In the Bruner article I posted above comparing 1907 to the 2008 debacle that all of us remember - Bruner said this:
In 1907, was the average American fonder of the Wall Street titans than "Joe Six-Pack" is today?
No. There was a growing distrust among average Americans toward the financial community in 1907—this reflected the extensive social changes in America. The Gilded Age spawned the age of Progressivism. Progressives gained traction because the incredible industrial expansion of the Gilded Age carried with it rising economic inequality, major societal changes (such as urbanization and industrialization), and shifts in political power. America saw the rise of movements involving worker safety and the new urban poor. Over a million people immigrated to the U.S. in 1907 alone, which was associated with urban crowding, problems of public health, and poverty. And of course the Gilded Age also produced extraordinary companies such as Standard Oil. John D. Rockefeller was the epitome of the monopolist who sought to corner industrial production in certain commodities. In 1907, Teddy Roosevelt gave two speeches that raised the level of hostility that the Progressives and the American public in general felt toward the financial community. In one speech Roosevelt referred to the "predatory man of wealth."

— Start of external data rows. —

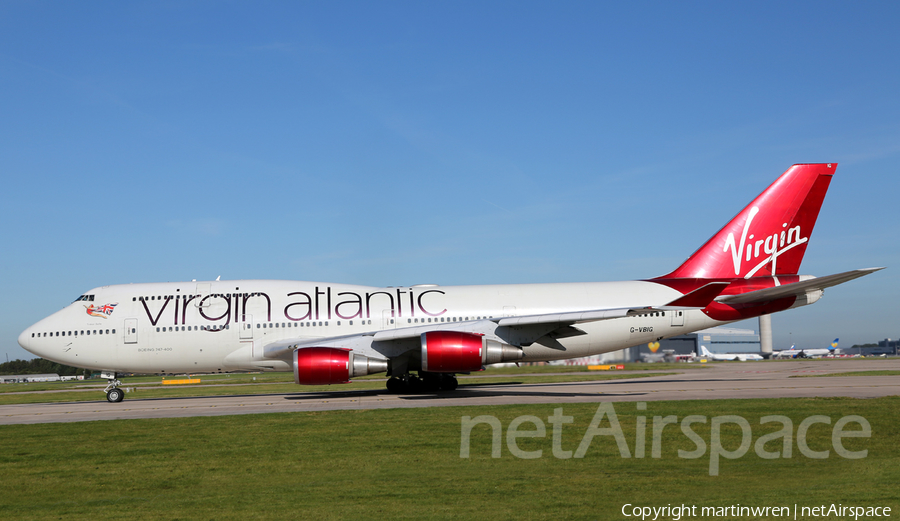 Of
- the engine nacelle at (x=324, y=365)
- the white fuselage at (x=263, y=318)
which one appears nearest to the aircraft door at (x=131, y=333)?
the white fuselage at (x=263, y=318)

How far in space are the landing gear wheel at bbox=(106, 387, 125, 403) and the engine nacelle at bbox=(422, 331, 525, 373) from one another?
1232 cm

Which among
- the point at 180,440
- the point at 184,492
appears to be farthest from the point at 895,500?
the point at 180,440

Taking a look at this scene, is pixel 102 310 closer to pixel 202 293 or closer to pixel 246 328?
pixel 202 293

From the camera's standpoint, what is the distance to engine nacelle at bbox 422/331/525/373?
20.4 meters

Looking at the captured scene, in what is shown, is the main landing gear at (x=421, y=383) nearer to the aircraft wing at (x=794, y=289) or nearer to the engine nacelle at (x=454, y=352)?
the engine nacelle at (x=454, y=352)

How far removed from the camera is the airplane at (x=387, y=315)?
2352 cm

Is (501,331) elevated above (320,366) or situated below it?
above

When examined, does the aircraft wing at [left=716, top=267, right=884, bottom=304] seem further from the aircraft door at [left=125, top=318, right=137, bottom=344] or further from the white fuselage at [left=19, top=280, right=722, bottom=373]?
the aircraft door at [left=125, top=318, right=137, bottom=344]

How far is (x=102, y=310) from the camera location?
24.6 metres

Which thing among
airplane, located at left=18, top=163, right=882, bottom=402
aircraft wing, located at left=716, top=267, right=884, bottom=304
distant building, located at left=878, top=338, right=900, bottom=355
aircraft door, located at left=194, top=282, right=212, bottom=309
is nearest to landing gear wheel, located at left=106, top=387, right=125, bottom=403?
airplane, located at left=18, top=163, right=882, bottom=402

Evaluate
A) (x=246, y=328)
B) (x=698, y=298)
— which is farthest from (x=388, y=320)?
(x=698, y=298)

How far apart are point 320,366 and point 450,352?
4196 millimetres

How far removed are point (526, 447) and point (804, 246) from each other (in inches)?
808

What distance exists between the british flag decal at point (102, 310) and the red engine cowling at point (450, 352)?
498 inches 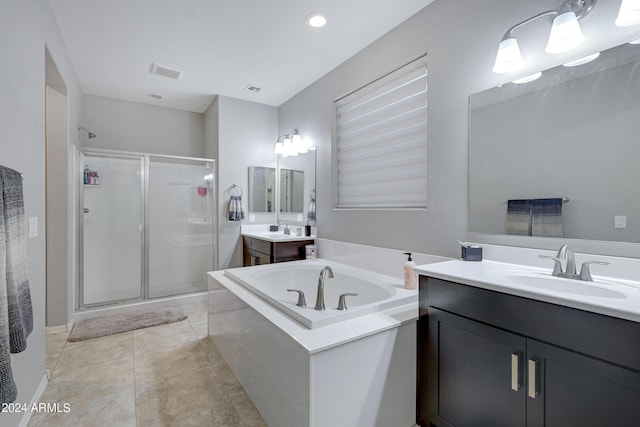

What reforms followed the 1907 panic?
Most importantly, it led to the founding of the U.S. Federal Reserve System. The act was passed in December of 1912, and is arguably the high water mark of the Progressive era. The panic was also associated with a change in the voting behavior of the American electorate, away from the Republicans who had dominated the post-Civil War era and toward the Democrats. Though Howard Taft was elected in 1908, Woodrow Wilson was elected in 1912, and fundamentally the Democratic Party dominated the first seven decades of the 20th century.
What reforms are we likely to see in the coming months?
I think we'll see some very pointed hearings in Congress, getting the facts, finding out what's broken down, what's happened. In the period from 1908 to 1913 there were a series of Congressional hearings that explored whether there was a money trust on Wall Street, and whether the leaders on Wall Street had triggered the panic out of their own self-interest. We may see the same starting in 2009.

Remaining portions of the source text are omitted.